**Assignment**
Restate the listing below line for line and word for word, without the pictures.

**Information provided**
-- Opening Marker --
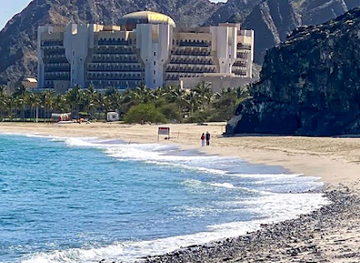 oman/muscat/landmark/al-bustan-beach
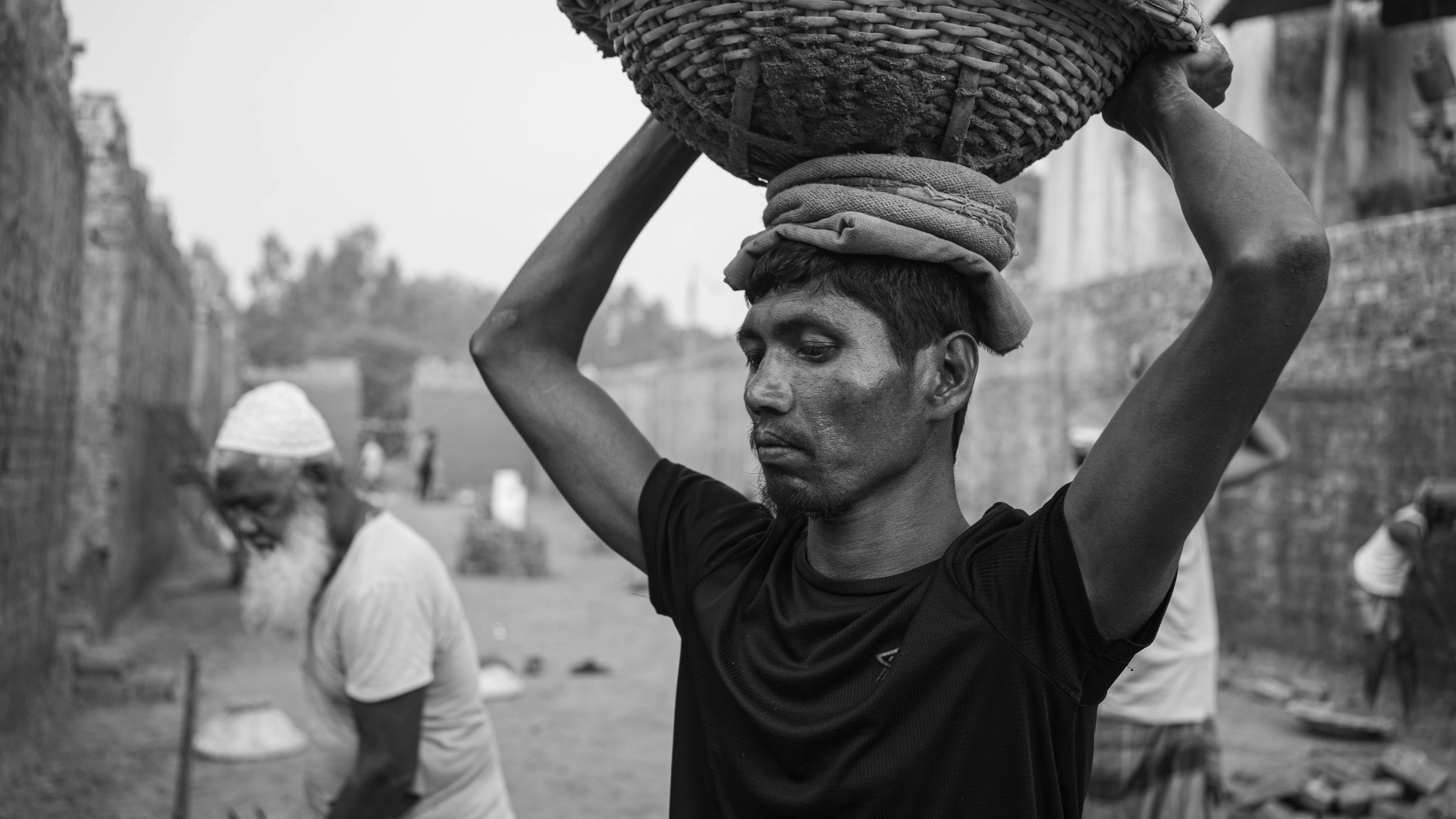 Những yếu tố có thể liên quan đến vôi hoá dây chằng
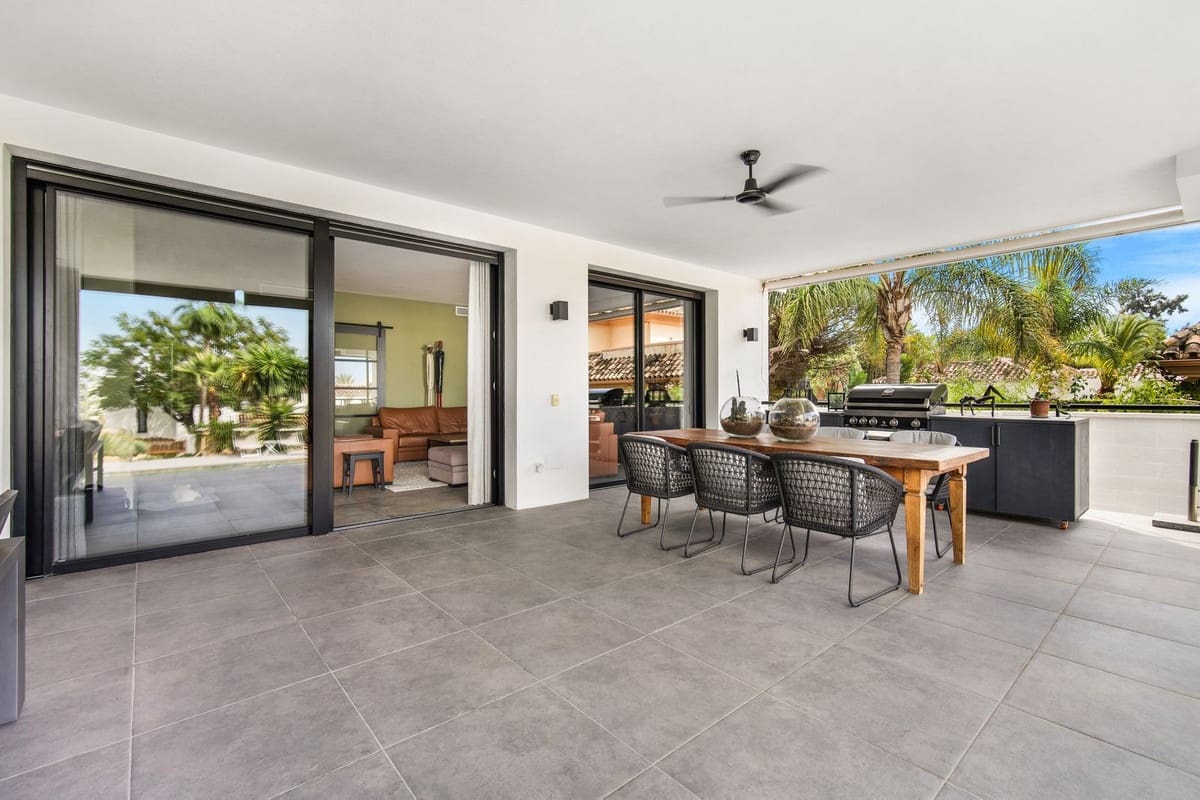 3 soveværelse Lejlighed til salg i Rio Real med swimmingpool - € 1.300.000 (Ref: 8722932)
-- Closing Marker --
**Completed exercise**
 oman/muscat/landmark/al-bustan-beach
 Những yếu tố có thể liên quan đến vôi hoá dây chằng
 3 soveværelse Lejlighed til salg i Rio Real med swimmingpool - € 1.300.000 (Ref: 8722932)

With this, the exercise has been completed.